Sometimes amazing stories like this surface:
A guy is driving an old country road and spots the backend of a 1963 Corvette split window poking out from a partially collapsed barn. He stops to take a closer look and ends up buying the “old wreck” from an 83-year-old widow for a thousand bucks. He restores it, sells it, and has a hefty $100,000 in profit.
That certainly has never happened to me, or even anyone I know. But if you think finding a ’63 Vette is amazing, here’s a story that’ll leave your jaw on the floor.
A 1937 Bugatti Type 57S Atalante was found in the garage of an English grandfather, who died at age 89. His grandchildren called him an eccentric hoarder who never threw anything away.
Well, looks like ol’ grampa had the last laugh, because his grandkids have now realized what they’ve found.
This car was purchased new by British race-car driver Earl Howe. Only 17 were ever made. It was capable of up to 130 mph (when other cars of the era maybe managed 50). Each of the 17 cars was made by hand. A quarter of all Atalantes ever built are housed in a French museum.
To call this a rare find is a gross understatement; a find like this simply doesn’t happen. This Bugatti retains all of its original parts and has only 26,000 miles on the odometer. It hasn’t been driven (or hardly touched) since 1960.
The eight people who inherited the estate of Dr. Harold Carr were simply going through his belongings, surely not expecting to strike gold. Imagine the feeling of shock, disbelief, and excitement when one of the most significant automobiles in the world was uncovered from its nearly 50-year-old hideaway.

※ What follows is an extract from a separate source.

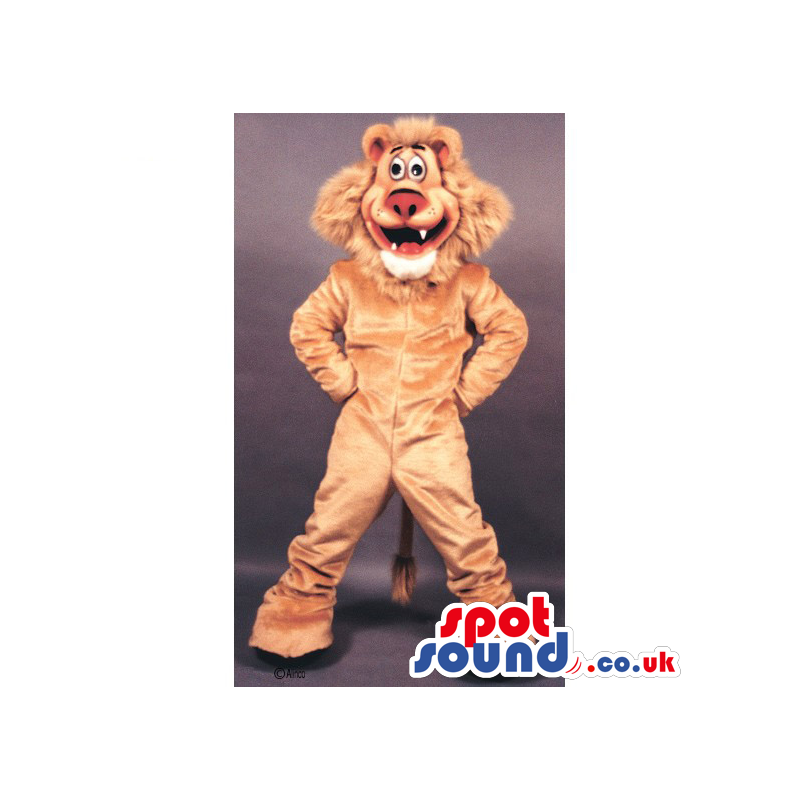 Funny Beige Lion Animal Mascot With Pink Nose And Big Hair -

Thank goodness someone there knew what they were looking at, or this Bugatti could’ve ended up in the hands of a very lucky passerby!
Now, on February 7, 2009, this treasure will be auctioned at Bonham’s Retromobile Sale in Paris. The expected going price? Nothing less than $4 million.
Maybe Grandpa wasn’t that crazy after all.
What’s the greatest story of a car find you’ve experienced or heard?